A ideia original foi posta em prática em 2005, ao participar na exposição da ExperimentaDesign, My World New Crafts, com vinte malas produzidas pelos seniores com quem trabalhava num centro de dia de Setúbal. Ter coordenado as equipas portuguesas do Entre Gerações, programa de envelhecimento e coesão social da Gulbenkian, ajudou a dar o salto para formar a sua própria associação, sob o lema “o design é o fermento para o crescimento das comunidades”. Em 2015, o projeto financiado pela Câmara Municipal de Lisboa (35 mil euros em 2014) e apoiado pela Junta de Freguesia da Misericórdia, prevê montar ainda um laboratório de serigrafia.
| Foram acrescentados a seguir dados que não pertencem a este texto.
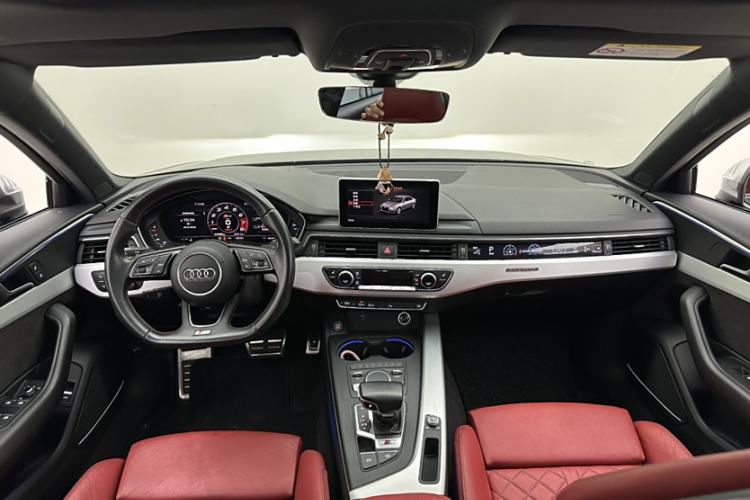 Used Audi S4 2018 S4 3.0TFSI Interior 2
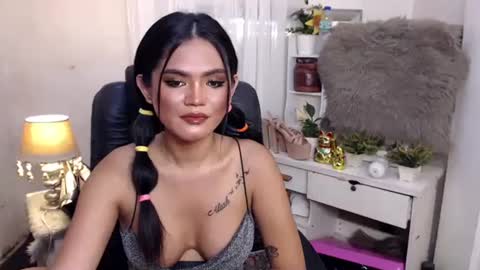 Snapshot of just_aleah chatting on December 10, 10:38 am MY IG aleahgomez17 online show from December 10, 10:38 am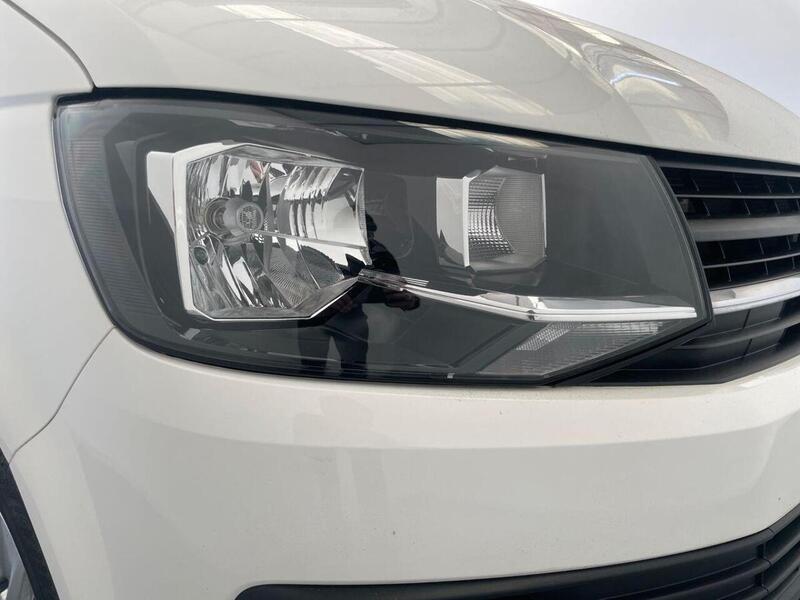 Volkswagen Transporter 2.0 TSI T32 BlueMotion Tech Highline FWD LWB Euro 6 (s/s) 5dr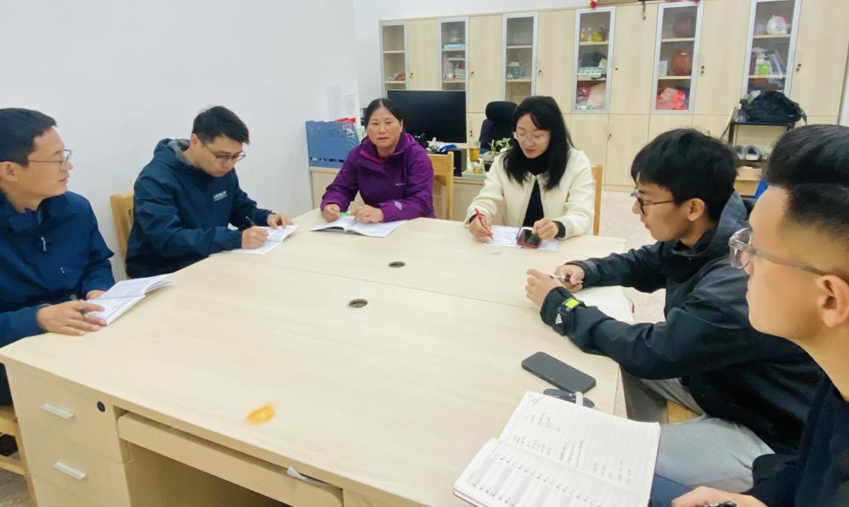 新建 DOCX 文档_html_e8d53bb.png
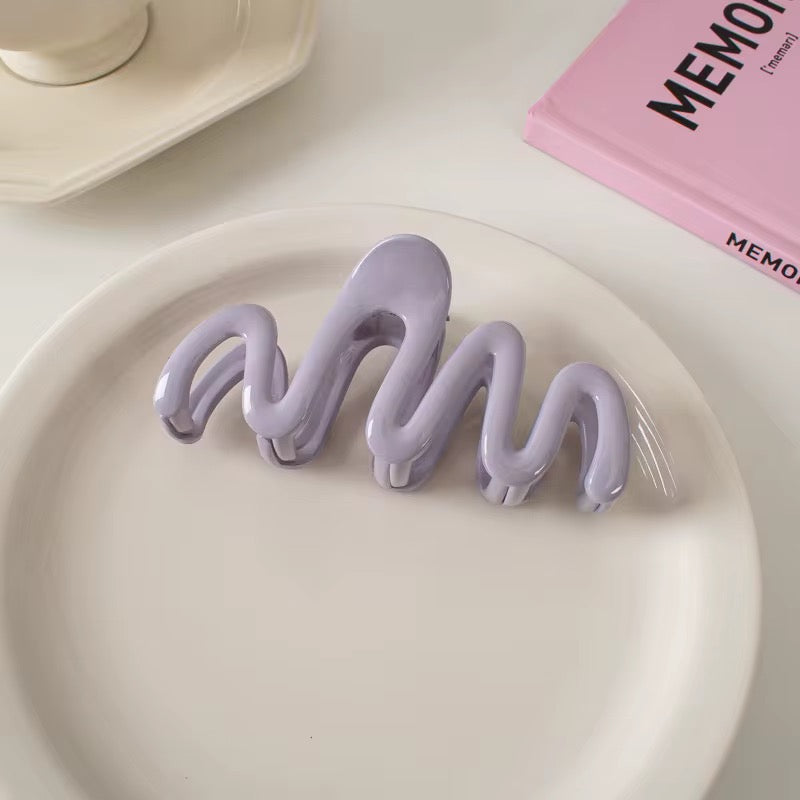 Wavy Hair Clip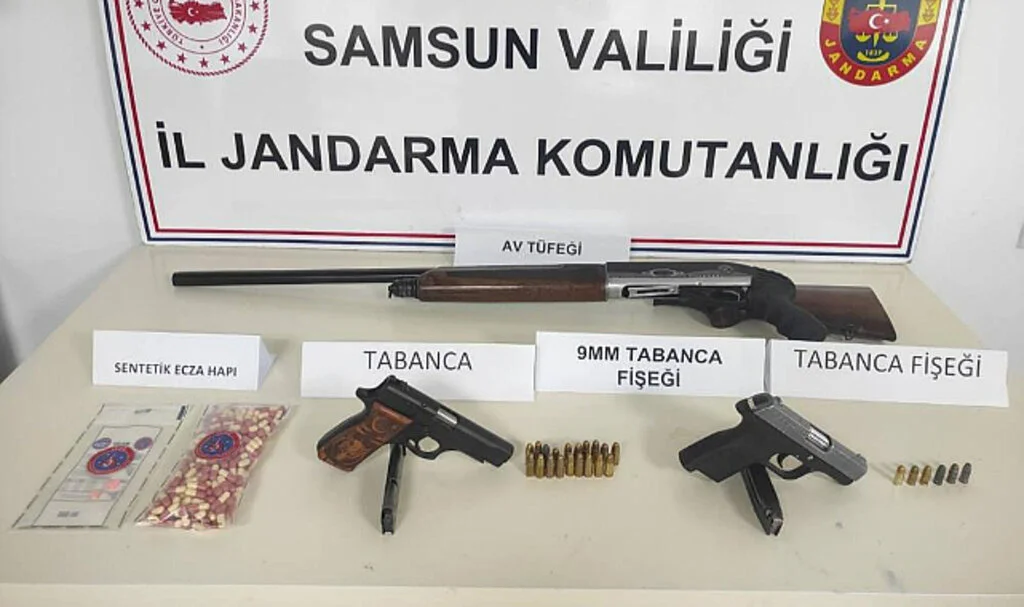 Samsun'da Uyuşturucudan 5 Yıl Hapis Cezası Bulunan Şahıs Uyuşturucuyla Yakalandı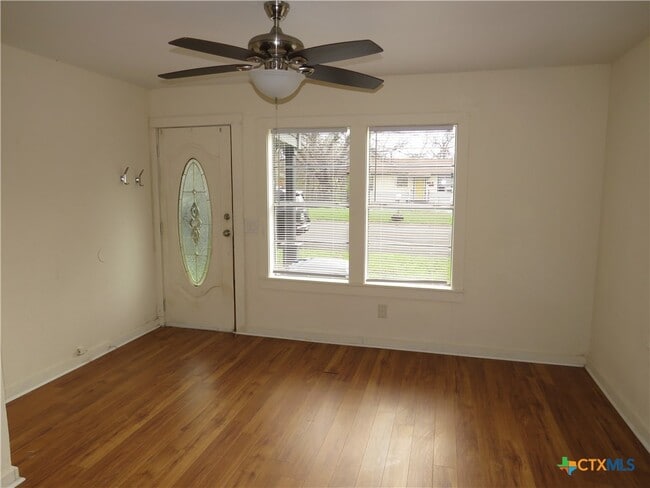 Foto del edificio - 406 W Ave E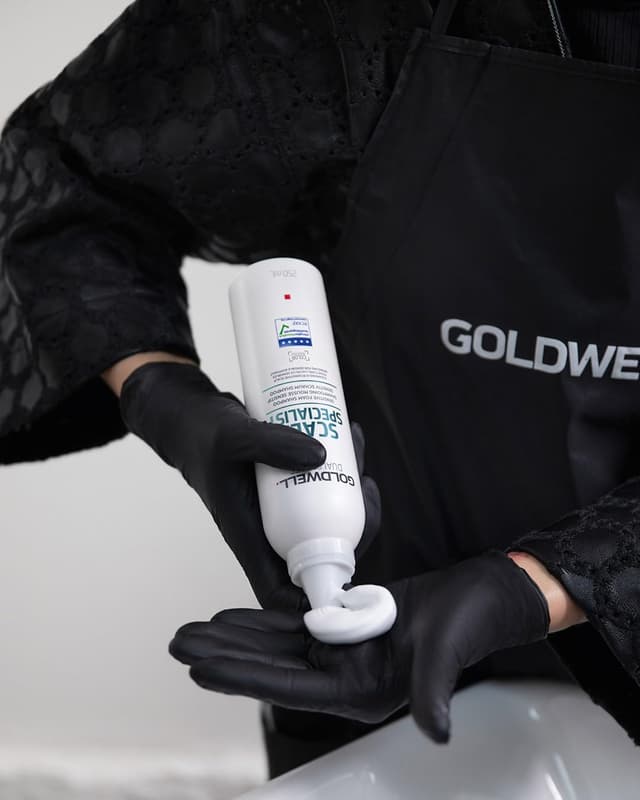 Detalle de Goldwell Dualsenses Scalp Specialist Sensitive Foam Shampoo (pH neutral, fragrance-free) 250ml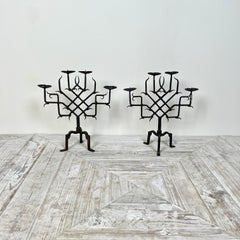 Ein Paar von  Gotischer schmiedeeiserner Kandelaber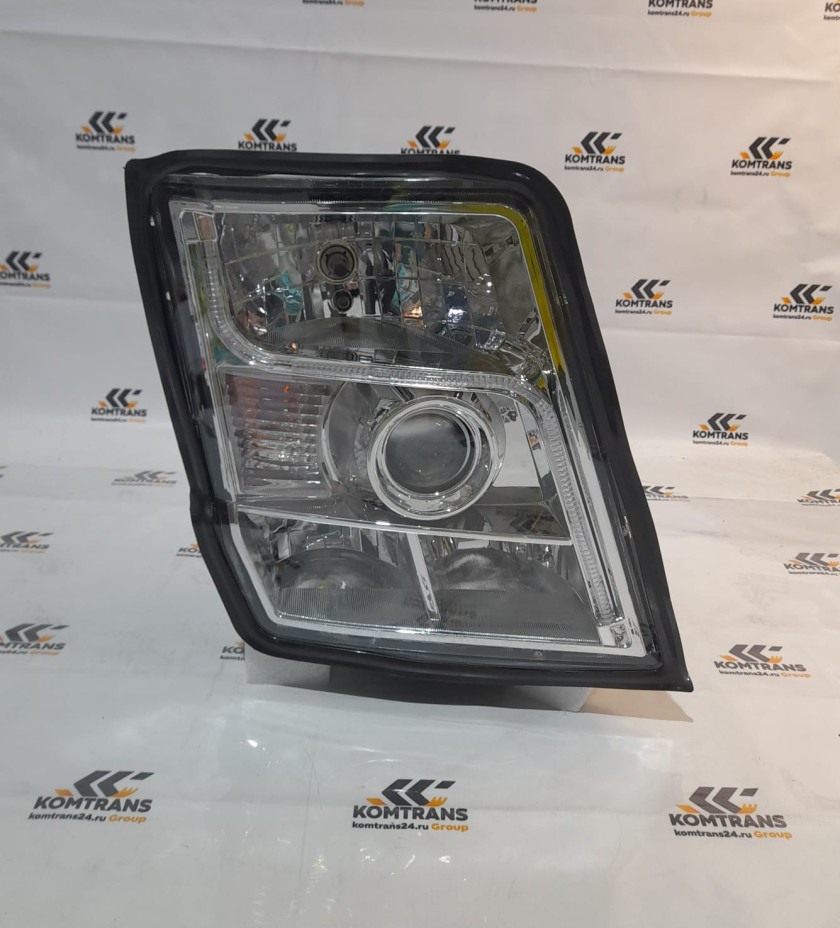 Фара передняя правая X3000 SHACMAN тягач (2 штекера) SHACMAN X3000 Фара передняя правая X3000 SHACMAN тягач (2 штекера) SHACMAN X3000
Com as livas da primeira coleção já esgotadas, seguem-se novos trabalhos em almofadas
Velhos artesãos emergentes
Aos 78 anos, Fernanda Martins viu a sua fotografia na montra da Arte Assinada, no Largo Trindade Coelho. Destemida, aproximou-se e não escondeu o ar incrédulo. A culpa era do tamanho e visibilidade do cartaz onde se lê “A avó esteve a trabalhar para aquecer as suas mãos.” A sua genica e boa disposição foram determinantes para ser escolhida como rosto da primeira coleção. Orgulhosa, fez-se fotografar posando ao lado de si própria.
Susana e Ângelo almejam fazer uma coleção por cada participante. Um a um, entram curiosos na loja onde está à venda o seu trabalho.
Com uma máquina de tricotar em casa desde o tempo em que os filhos eram pequenos, Benvinda Rebelo, 70 anos, a frequentar o centro há quatro anos, ficou entusiasmada quando viu o par de luvas que bordou envolto em papel de seda, dentro de uma bonita caixa de cartão, e com uma etiqueta personalizada com a sua fotografia.
De regresso à “escola”, Domingo Vaz, 68 anos, antigo estivador galego, da aldeia fronteiriça de Guntumil, conta que já conhecia Elisa, 83 anos, da vizinha povoação de Tourém e depois de Lisboa, quando lhe comprava azeitonas e tremoços no Mercado da Ribeira. Hoje, são colegas de carteira na aula de lavores. O estivador reformado começou por fazer flores de papel mas agora tem em mãos 47 mil tiras de tecido para fazer um tapete de esmirna e não exclui a hipótese de “arriscar no bordado”.
Haja saúde pois nem sempre as maleitas dos ossos ou a falta de visão lhes permitem dar uso às linhas e agulhas. Mas já ninguém abdica de uma tarde entre amigos.